Like data structures there are many ways to represent and query persistent data. The main models for representing persistent data are relational, document oriented, graphical, and hierarchical. Although that last one seems to be all but dead because of the onerous burden it places on the programmer to maintain and query the data. Relational is still king after 30 or so years and document oriented and graphical are on the rise and shine in domains with specific modeling requirements.

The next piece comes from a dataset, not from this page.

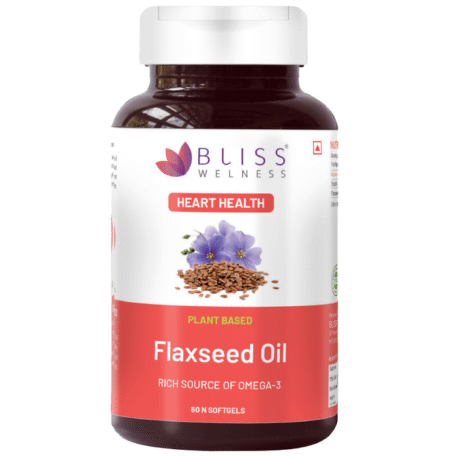 Bliss Welness Cardiovascular Health Flaxseed Oil High Potency Omega-3 Softgel Capsule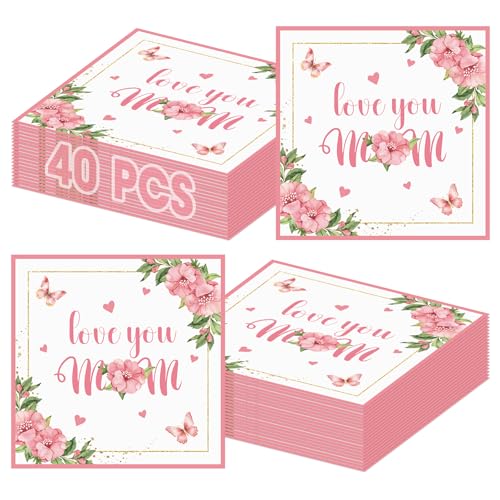 40 Pcs Happy Mothers Day Napkins - 6.5 Inch Flower Mother Days Paper Napkins 3-Ply Disposable Love You Mom Cocktail Napkin Hand Towel Set for Mothers Day Party Supplies Table Decorations Favors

The models are in some ways a response to how to best map program and domain data into a persistent and queryable form. Ad-hoc methods don’t scale because each project reinvents the wheel so the consolidation around the various main models makes sense. It also helps that each one comes with a query language that makes it very easy to query the persisted data. Technically anything that doesn’t fall under the relational model is considered NoSQL but that’s a pretty terrible nomenclature. It is better to be specific about what one is talking about by explicitly naming the dominant data model.

Each model is good at representing certain types of relationships that the others might not be so good at. Although with recursive SQL queries it is possible to model hierarchical, graphical, and document centric queries it is probably better to migrate to another model if those are the bulk of the queries. There will always be an impedance mismatch between the domain and data models and anything that reduces the mismatch is probably the right thing to do in the long run.

The various models also have historical baggage that comes along with them. The NoSQL folks in some sense are re-inventing history by de-normalizing the data and throwing away schema validation in the name of flexibility. Although not having a schema might seem to be good in the end someone must take on the responsibility of enforcing the schema and when the database does not enforce it then the application ends up enforcing it. Many SQL database like Postgres also support JSON and allow indexing it and querying like other SQL data which kinda makes the distinction between schemaless database moot.

The query languages for each model also make different trade-offs and fall on some spectrum between declarative and imperative. Although SQL is considered declarative there are many vendor extensions that make it less declarative by introducing imperative and side-effecting operations. The closer one stays to the declarative model the easier it is for the query optimizer to provide fast and good results (when the indices are tuned properly of course). Should mention that CSS and XSL are technically also declarative query languages because both CSS and XSL have “selector” syntax for picking elements from HTML.

Many modern workloads suit the graphical model but I don’t know how much of this is because of the popularity of social networks. Social networks naturally fit the graphical model and many social networks like facebook and twitter are advancing the capabilities of NoSQL databases to better fit their workloads. Graphical databases break up into sub-models based on how they are represented as either property graphs or triple-stores but that distinction does not seem warranted to me. It’s more of an implementation detail and I don’t even know if Datalog technically qualifies as a graphical model which is how the book classifies it. I’d consider Datalog relational more than anything else. Out of all the query languages I think Datalog is the best one because it is basically a restricted form of Prolog. I think this model has much untapped potential.

There is also RDF and stuff around the semantic web but those initiatives, although well meaning, seem to be dead. Unfortunate because making the web semantic sounds kinda cool. In another universe maybe there is no Google and Facebook because people were wise and implemented the semantic web. RDF is queried with SPARQL and it is suspiciously like Cypher the query language for neo4j (vice-versa actually because Cypher is based on SPARQL).